By having the following misconception, "I know the stock price will bounce back, then I will sell it," investors pile on more risk to avoid realizing a loss.
If these seem like inconsistent attitudes toward risk, well, they are. What we find are people set a higher price on something they own than they would normally be prepared to pay.
An alternative to the loss aversion theory is that investors might choose to hold their losers and sell their winners because they believe that today's losers may soon outperform today's winners.
Investors often make the mistake of chasing the action by investing in stocks or funds that receive the most attention.
In support of this notion, research shows that money flows in more rapidly to investments that have performed extremely well than flows out of from investments that have performed poorly.
The Regret Theory
"Fear of Regret" or "Regret Theory" deals with the emotional reaction people experience after making what they think is an error of judgment.
Investors become emotionally affected by their original purchase price of a stock when they are going to sell it.
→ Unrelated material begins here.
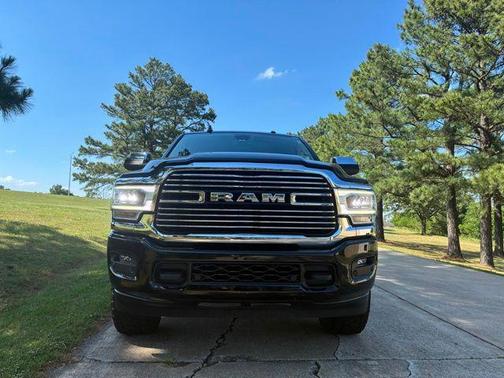 Diamond Black Crystal Pearlcoat 2022 RAM 2500 Laramie Crew Cab 4x4 6'4' Box
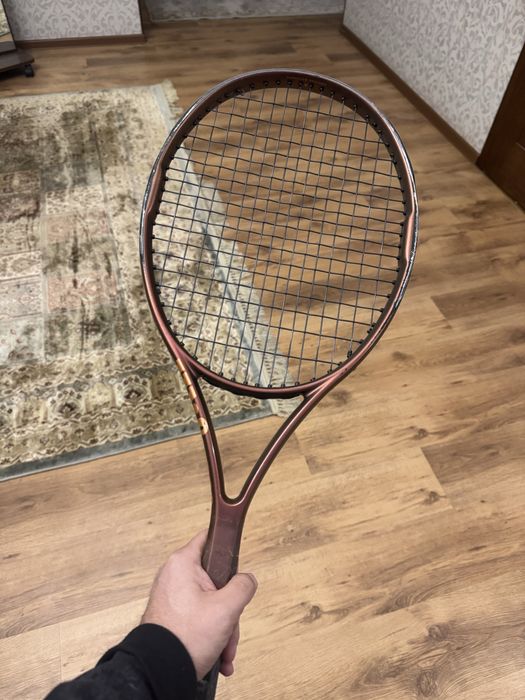 Теннисная ракетка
So, they avoid selling the stock in order to avoid the regret of having made a bad investment and the embarrassment of reporting a loss.
It's Simple, We all Hate to Be Wrong, Don't We?
What investors should really ask themselves when faced with a similar situation is:
"What are the consequences of repeating the same mistake and if this security was already liquid, would I invest in it again?" Chances are that you would not.
Regret theory also holds true for investors who did not buy a stock they had previously considered and which subsequently went up in value. By following the conventional wisdom, some investors avoid the possibility of feeling regret by rationalizing their decision with everyone else is doing it.
Although it does not make much sense, some feel it's much less embarrassing when you lose money on a popular stock that half the world owns it. On the flip side, losing on an unknown or unpopular stock is a little harder to swallow.